Nous vous invitons ici à vous servir de ce qui vous fait envie, mais dans le respect de la plante.

Vous trouverez ici (link) des informations sur la cueillette, la taille et l’entretien des plantes de ce jardin, si vous êtes curieux d’en savoir plus… ou si vous en êtes voisins et avez envie de contribuer à son entretien.

La griotte de Schaerbeek… ou la madeleine du Maelbeek

Nous, Bruxellois, sommes le plus souvent d’origines les plus diverses. Que ce soit d’une autre région du pays, de l’Europe ou de la Planète. Cependant, quelle que soit notre origine, ne trouvons-nous pas un sens, un plaisir, à redécouvrir ce qui nous relie à l’histoire du territoire où nous vivons et des humains qui l’habitaient avant nous ? Que ce soit un élément du paysage, l’évocation d’un récit ou d’une saveur…




Photo Ateliers de l’Insu

Les griottiers, ou cerisiers aigres, prospéraient à quelques kilomètres d’ici, à Schaerbeek, tout particulièrement sur le plateau peu fertile séparant les vallées du Maelbeek et de la Senne (actuels quartiers aux alentours de l’église Sainte-Marie). La plus ancienne mention de leur présence à Schaerbeek remonte à 1556. Sans doute y existaient-ils déjà auparavant. Dès le XVe siècle, leur culture est attestée en Europe. Au fil des siècles, les arboriculteurs schaerbeekois en créèrent donc une variété locale. Les tartes aux griottes de Schaerbeek (taerten met Schaerbeeckse kriecken) étaient jadis fort appréciées, tout comme l’est aujourd’hui encore une des bières typiques de Bruxelles, la kriek qui, comme l’indique son nom, est parfumée à la griotte.

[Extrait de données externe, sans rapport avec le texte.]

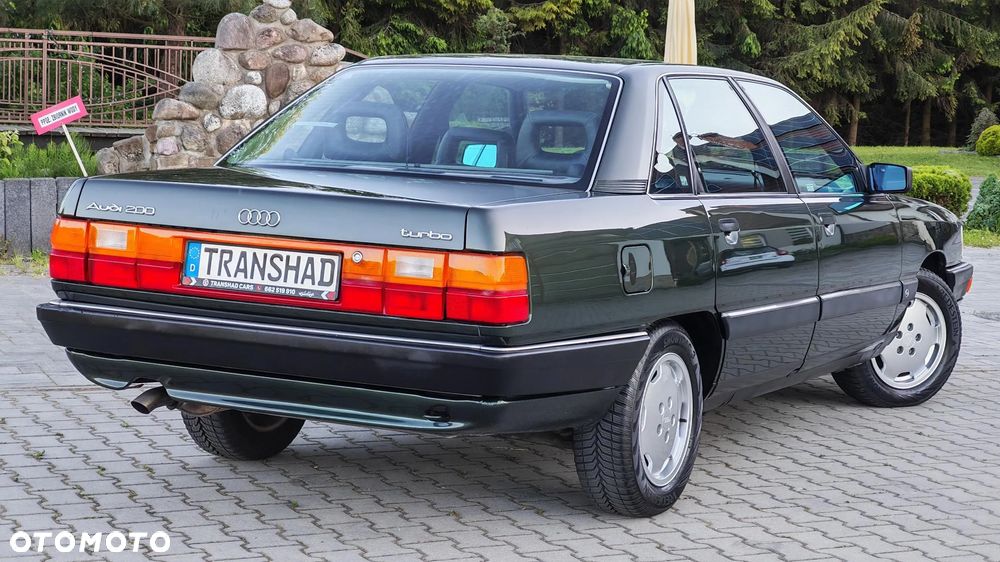 Audi 200 2.1 5T Turbo - 8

Le griottier semble originaire de l’Asie mineure. Ainsi, tout comme les habitants de la ville, les végétaux ou animaux qui caractérisent – ont caractérisé – le paysage, ont des origines géographiques les plus diverses.

Huit cerisiers du Japon ont été abattus. Le travail du sculpteur Xavier Rijs a permis d’en garder la mémoire et de faire le travail de deuil de leur disparition.